Feature #22121
openIntroduce Parallel Sweep feature
Description
Abstract¶
Ruby's GC sweep implementation is currently incremental and lazy. This is to reduce pause times when sweeping. However, the sweep implementation doesn't take advantage of parallelism (multi-core). Sweeping in a GC is not an "embarassingly parallel" problem, but extra threads can help. I would like to introduce such a feature to Ruby so that users can take advantage of their multi-core CPUs to reduce GC pause times.
Design¶
I would like to have an additional "sweep thread" that sweeps alongside the Ruby GC thread (in parallel) and at the same time as Ruby code is running (concurrent). When the sweep thread is working alongside the Ruby GC thread, both threads grab pages from the current heap. If the sweep thread has already swept a page, the Ruby GC thread finishes it by clearing its bitmaps and adding the page to the free pages or empty pages lists. If there are no swept pages from the sweep thread, the Ruby GC thread sweeps a page by itself instead of waiting for swept pages.

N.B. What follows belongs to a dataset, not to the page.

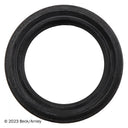 Beck Arnley 052-3564 Manual Transmission Drive Axle Seal - Left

When an incremental sweep step is over, the sweep thread sweeps 1 incremental step's budget worth of slots while Ruby code is running. This is so that during the next incremental step, the Ruby GC thread just has to finish the pages off instead of sweeping the objects.
Limitations¶
Certain objects aren't safe to be freed by the sweep thread. T_DATA types from native extensions cannot be swept in general (although most are safe) because the user's sweep function may not be thread-safe. That function may modify global state in such a way that when it is called from both the sweep thread AND the Ruby GC thread at once, it behaves badly. In order to get around this, we introduce a new TypedData flag. T_DATA internal to the VM mostly have this flag set, and native extension authors can set this flag if it is defined to allow their type to be swept concurrently.
This feature is only available for the default GC. Ruby's MMTK garbage collector has its own implementation of concurrent sweeping that is not affected by this feature.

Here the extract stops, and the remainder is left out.